→ PROBLEM STATEMENT:
Without including any pictures, reproduce all the lines below word for word.

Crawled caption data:
╔══

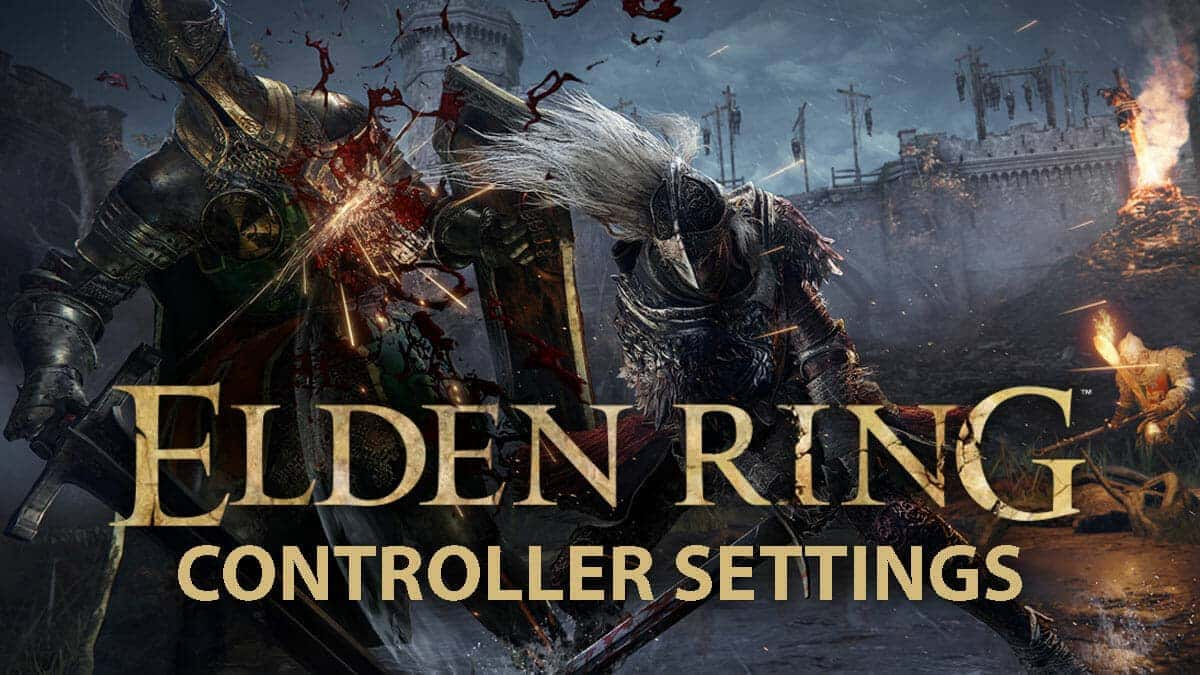 Elden Ring controller settings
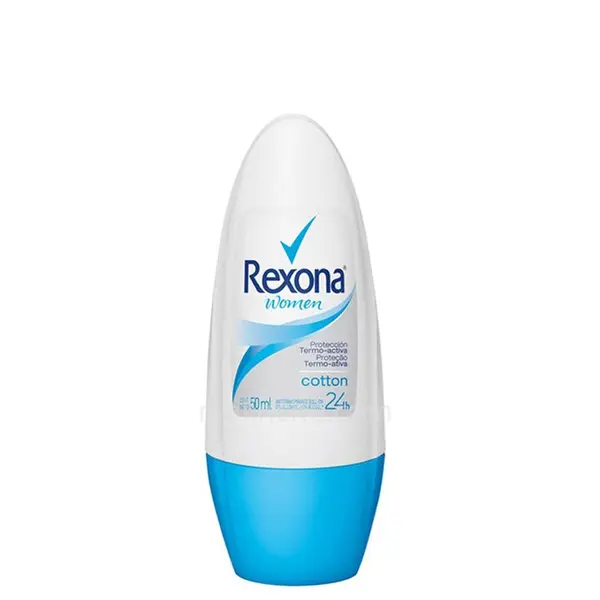 رول استیک ضد تعریق زنانه رکسونا مدل Cotton Dry Algodon حجم ۴۰ میلی لیتر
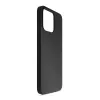 iPhone 13 Pro 3mk Silicone Case Series - Fekete tok - 0. kép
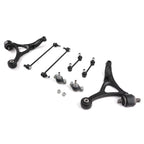 8x Lower Control Arm Ball Joint Sway Bar Link for Volvo XC90 (2003–2014)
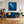 Diver beneath a White Splash in Deep Blue Wall Art styled interior scene 1 | OILDECO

╚══

→ ANSWER SPACE:
 Elden Ring controller settings
 رول استیک ضد تعریق زنانه رکسونا مدل Cotton Dry Algodon حجم ۴۰ میلی لیتر
 iPhone 13 Pro 3mk Silicone Case Series - Fekete tok - 0. kép
 8x Lower Control Arm Ball Joint Sway Bar Link for Volvo XC90 (2003–2014)
 Diver beneath a White Splash in Deep Blue Wall Art styled interior scene 1 | OILDECO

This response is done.